Required action: Your task is to copy exactly the lines from the line containing "Edward Snowden FOTO Getty Images" through the end of the listing below, with pictures left out.

== Segment start ==

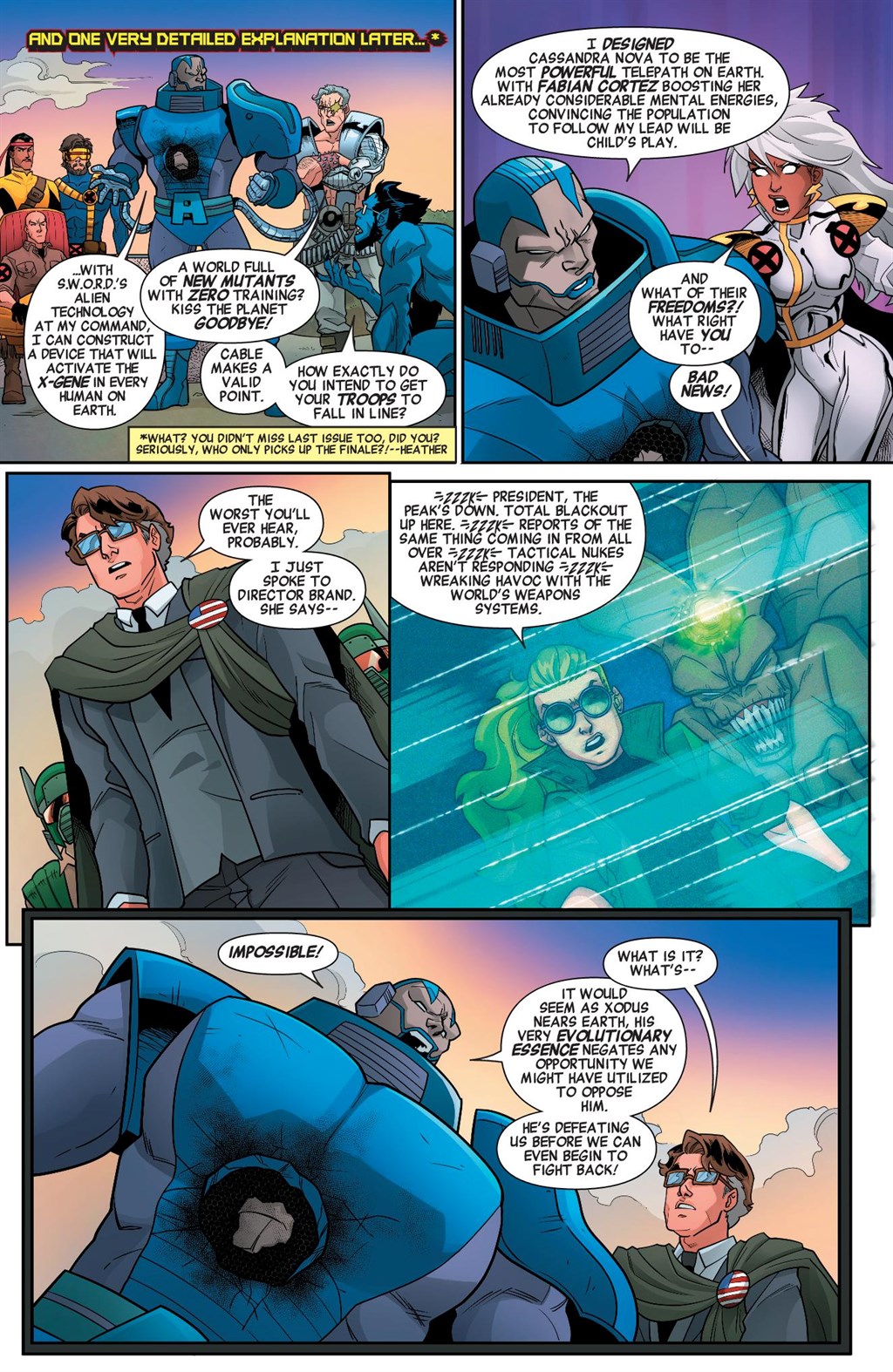 Read online X-Men '92: the Saga Continues comic -  Issue # TPB (Part 4) - 27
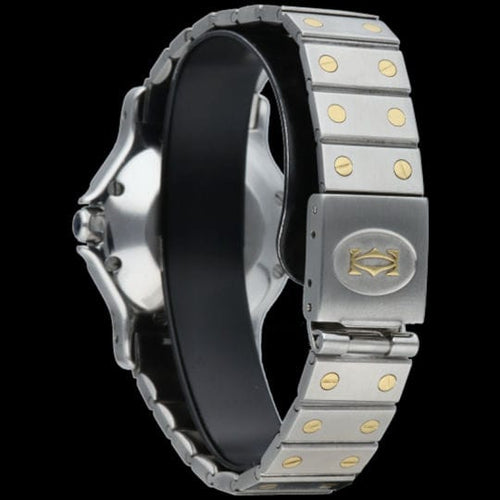 Orologio Cartier Orologio Santos Octagon 58 Facettes MT45169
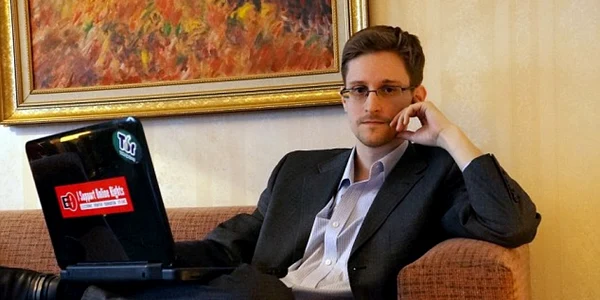 Edward Snowden FOTO Getty Images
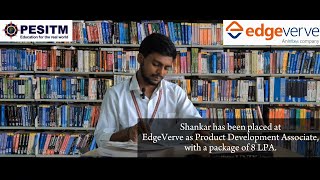 Student Placement Testimonials - PES Shivamogga  screenshot 2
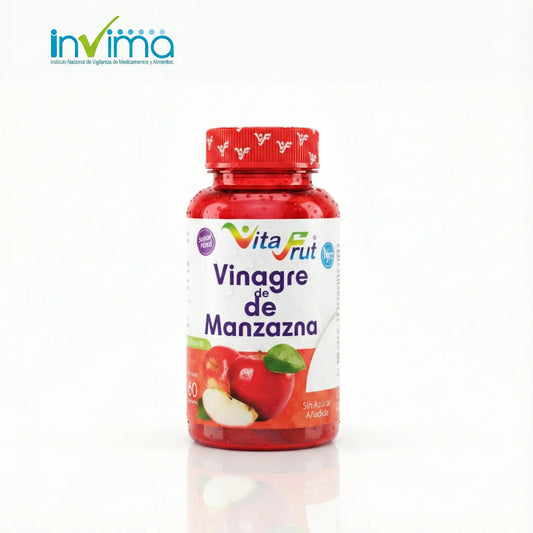 VitaFrut - Gomitas de Vinagre de Manzana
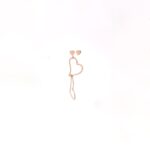 Pulse Mono Earring with Stud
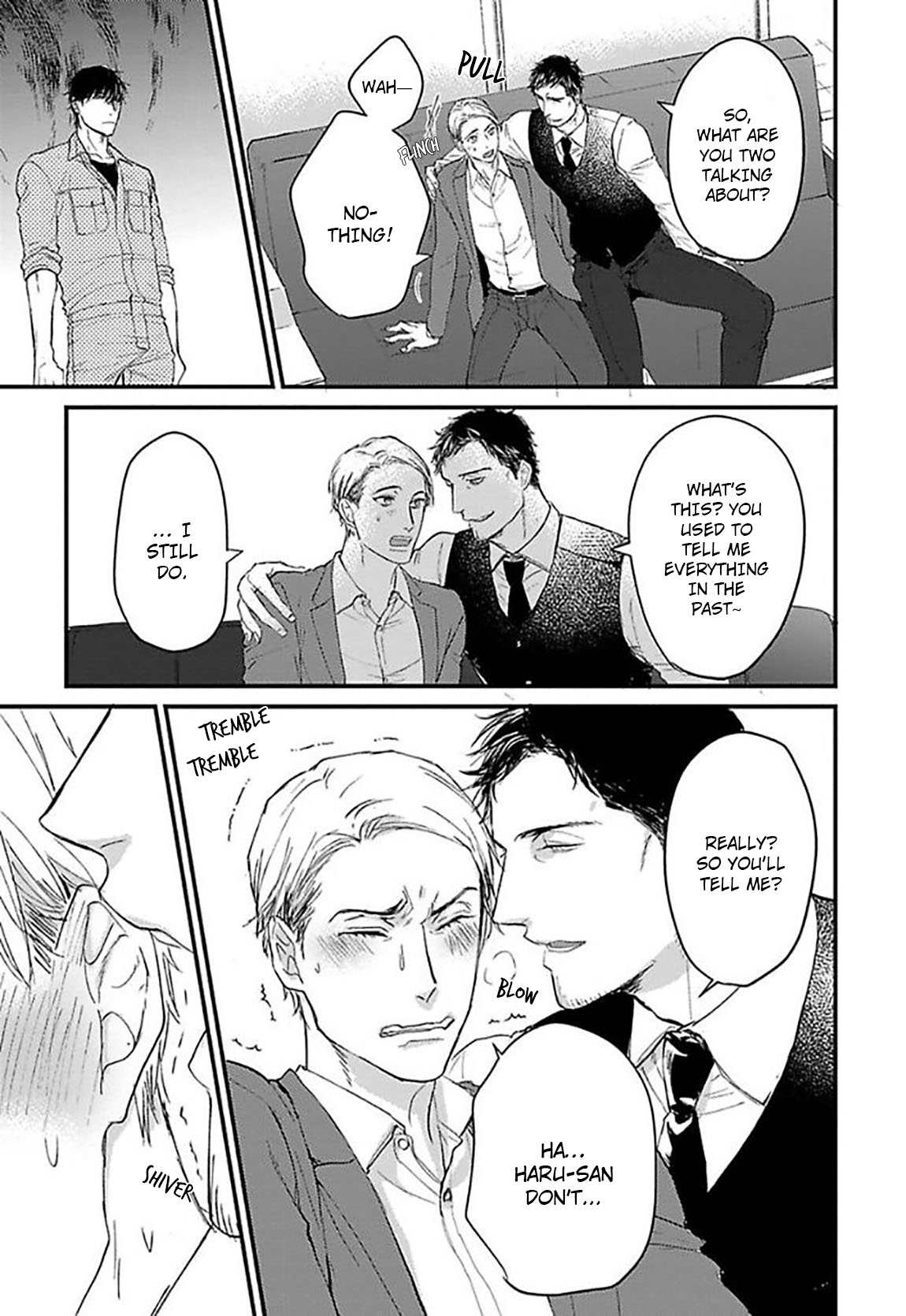 Read Ippou Sonokoro chapter 4 image 6 on Lezhin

== Segment end ==

Expected answer:
 Edward Snowden FOTO Getty Images
 Student Placement Testimonials - PES Shivamogga  screenshot 2
 VitaFrut - Gomitas de Vinagre de Manzana
 Pulse Mono Earring with Stud
 Read Ippou Sonokoro chapter 4 image 6 on Lezhin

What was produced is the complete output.